Arriving in the UK to celebrate the Queen's 90th birthday, Mr Obama penned an article in The Telegraph, saying: “As citizens of the United Kingdom take stock of their relationship with the EU, you should be proud that the EU has helped spread British values and practices – democracy, the rule of law, open markets – across the continent and to its periphery."
Knowing that criticism would inevitably come from 'Leave' campaigners, the President stressed that the outcome of the referendum is "a matter of deep interest to the United States".
He said: “I am persuaded that the greatest single contribution our two countries have been enabled to make to civilisation, and to the welfare of peoples throughout the world, is the example we have jointly set by our manner of conducting relations between our two nations.”
Many leave campaigners have suggested that severing ties with the EU would allow the UK to forge even closer relationships with the US. But Mr Obama appeared to quash that idea: “I will say, with the candour of a friend, that the outcome of your decision is a matter of deep interest to the United States.

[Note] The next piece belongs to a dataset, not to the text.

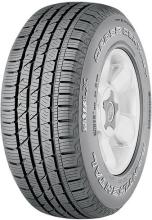 Continental ContiCrossContact LX 265/60R18 110T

The tens of thousands of Americans who rest in Europe’s cemeteries are a silent testament to just how intertwined our prosperity and security truly are.”
The US sees how your powerful voice in Europe ensures that Europe takes a strong stance in the world, and keeps the EU open, outward-looking, and closely linked to its allies on the other side of the Atlantic. So the US and the world need your outsized influence to continue – including within Europe.”